Restaurant information
- Established: 2009
- Closed: 2026
- Head chef: Jarno Eggen
- Food type: French
- Rating: Michelin Guide
- Location: Hoogeveenseweg 17, Zuidwolde, 7921 PC, Netherlands
- Seating capacity: 50
- Website: Official website

= De Groene Lantaarn =

De Groene Lantaarn was a restaurant located in Zuidwolde in the Netherlands. It was a fine dining restaurant that was awarded its first Michelin star in 2011 and held this until 2015. It received its second Michelin star in 2016.
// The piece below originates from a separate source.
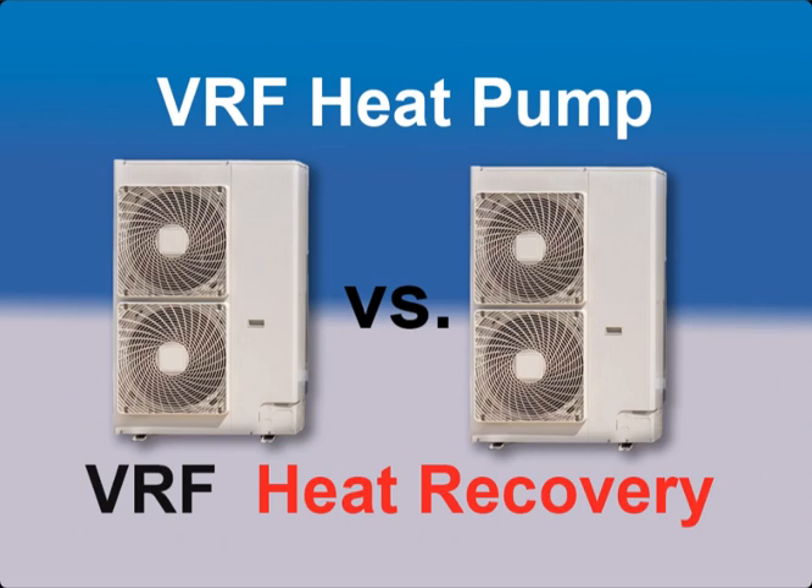This video will cover the things you need to consider when deciding whether to use a VRF heat pump system versus a heat recovery system. We will cover the key items to consider when choosing one of these VRF systems.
The Head chef of the kitchen is Jarno Eggen. The restaurant is a member of Les Patrons Cuisiniers.

The restaurant is housed in an old Saxonian farmhouse—where the oldest parts of the farmhouse was dated to exist since the end of the 1700s.

Around 1986–1987, there was already a restaurant De Groene Lantaarn located in the building, run by Mr. J.J. Vierstra. In 2000, it showed up as restaurant In de Groene Lantaarn with Mr. Jan Jager as the owner. In May 2009, Jager sold the restaurant to Jarno Eggen and Cindy Donker. They both had worked at two-starred restaurant De Lindenhof in Giethoorn, Eggens as chef, Donker as maitre.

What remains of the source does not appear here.